# [What to work on]
Beginning with the line that contains "Yvette Porte De", retype the entries below exactly, ending with the line that contains "Building Photo - 1217 W Wellington Ave". Leave out any pictures.

Extracted data entries
_ _ _ _ _

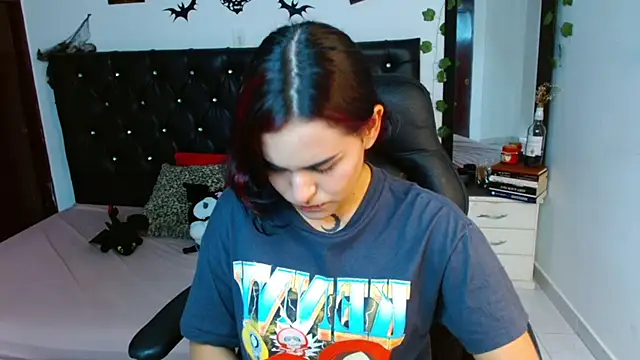 veronica luar online show from March 2, 7:31 pm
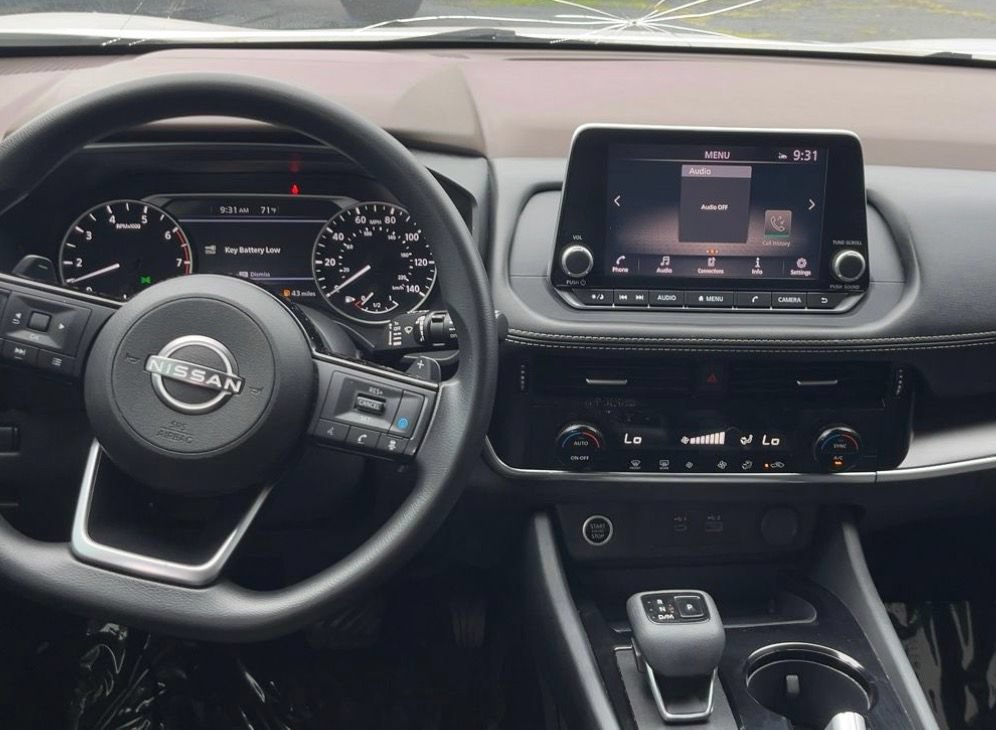 Used 2022 Nissan Rogue SV AWD/4WD image 4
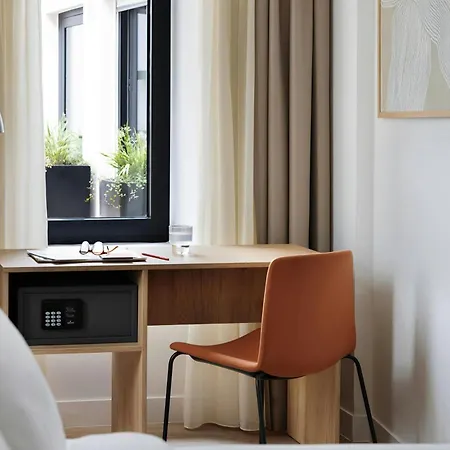 Yvette Porte De Versailles, Sonder By Marriott Bonvoy Hotel Vanves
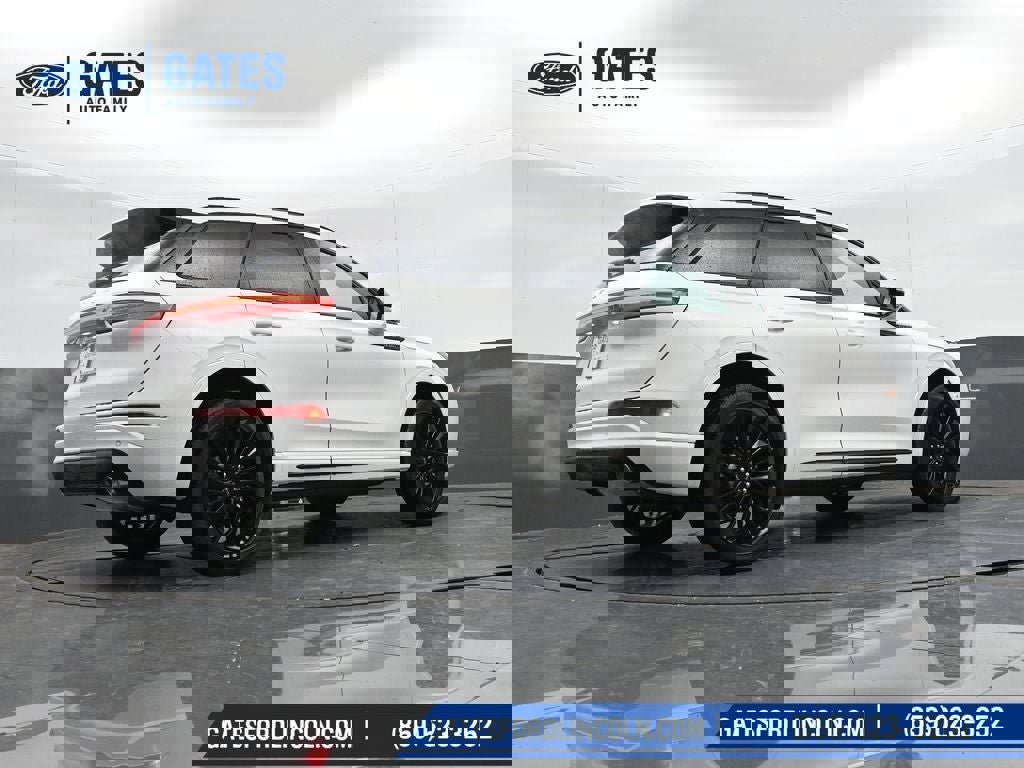 New 2026 Lincoln Corsair Premiere image 40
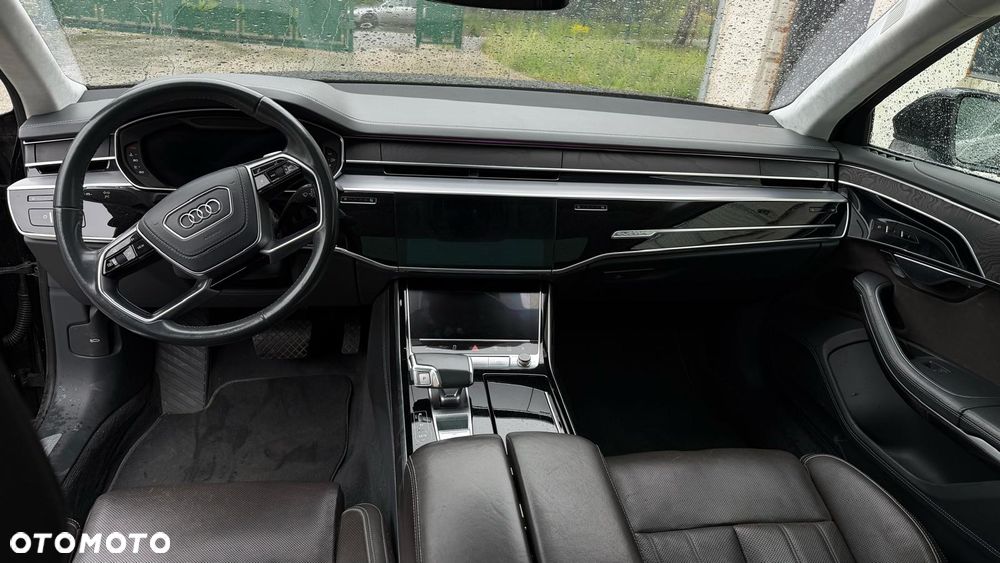 Audi A8 - 14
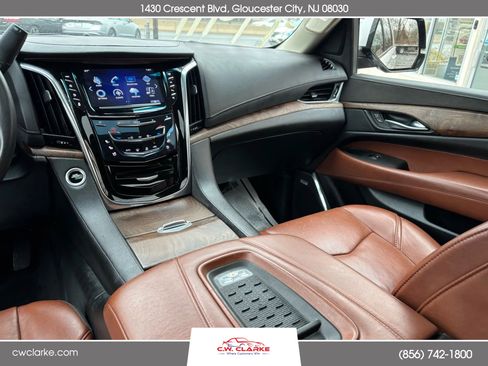 Used 2017 Cadillac Escalade Premium Luxury image 17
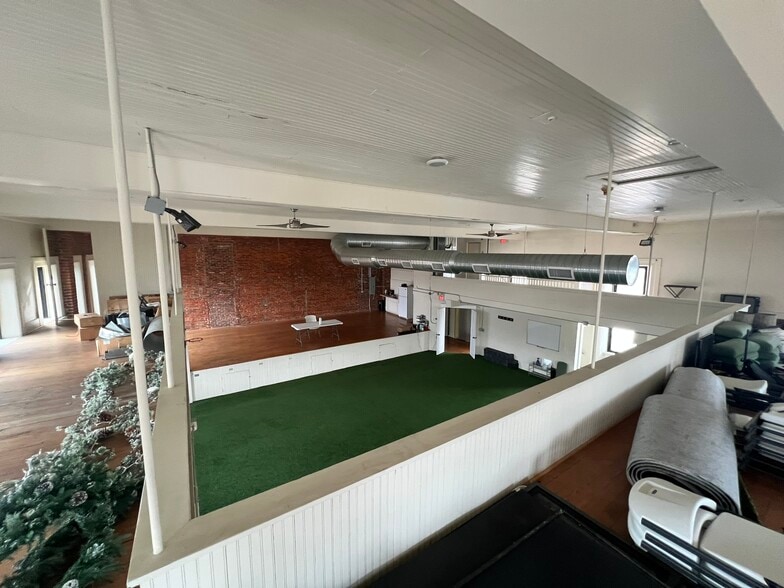More Photos Of 333 Market St, Zanesville General Retail For Sale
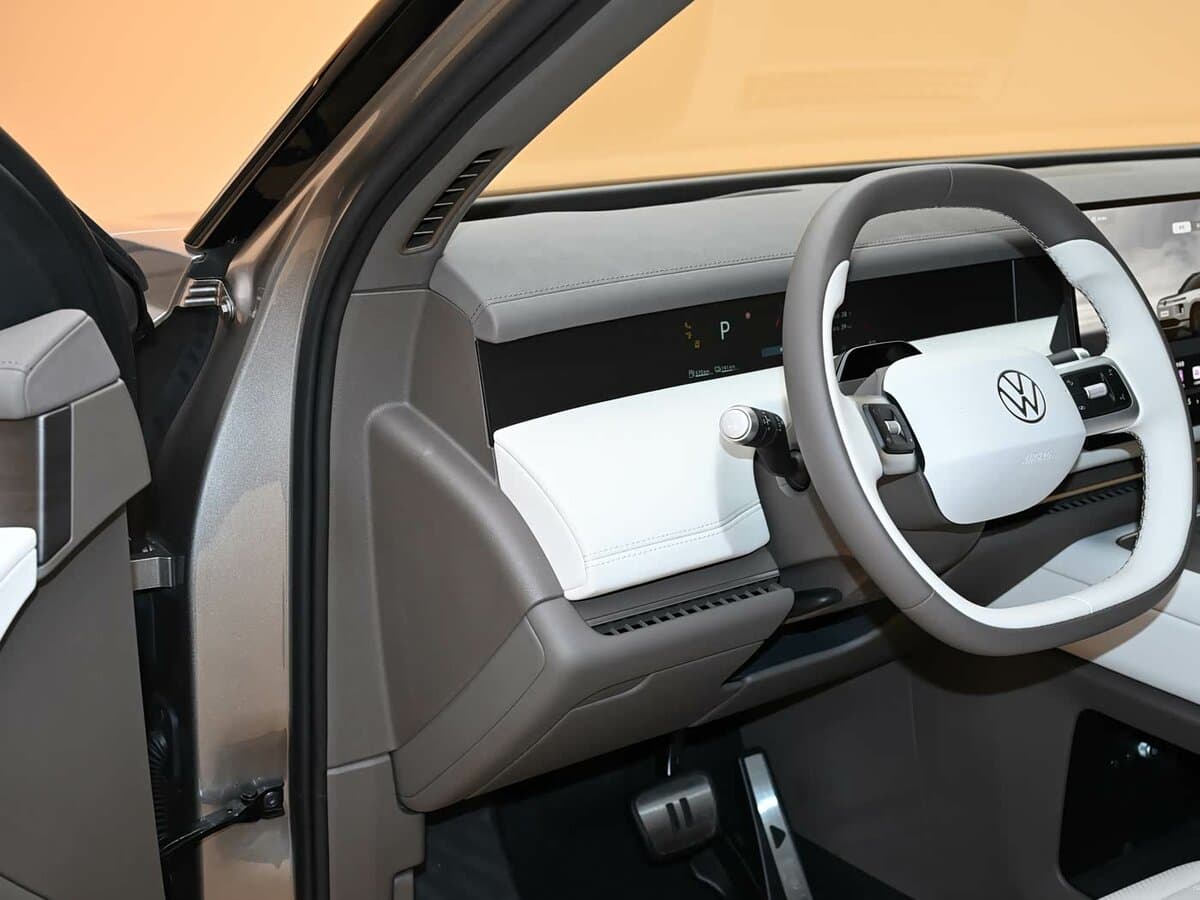 Volkswagen ID.Era 9X 2026 – indiyədək — Sükan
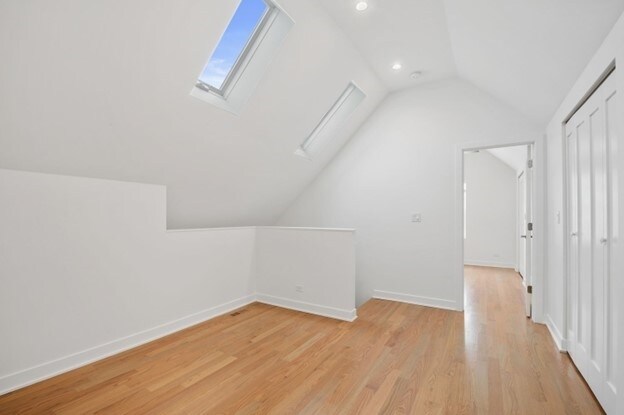 Building Photo - 1217 W Wellington Ave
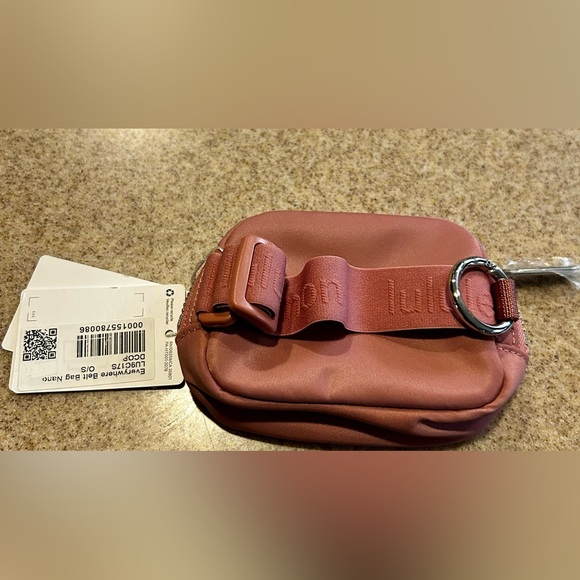 New Lululemon Everywhere Belt Bag Nano DCOP in Pink - Picture 4 of 4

_ _ _ _ _

# [Response area]
 Yvette Porte De Versailles, Sonder By Marriott Bonvoy Hotel Vanves
 New 2026 Lincoln Corsair Premiere image 40
 Audi A8 - 14
 Used 2017 Cadillac Escalade Premium Luxury image 17
More Photos Of 333 Market St, Zanesville General Retail For Sale
 Volkswagen ID.Era 9X 2026 – indiyədək — Sükan
 Building Photo - 1217 W Wellington Ave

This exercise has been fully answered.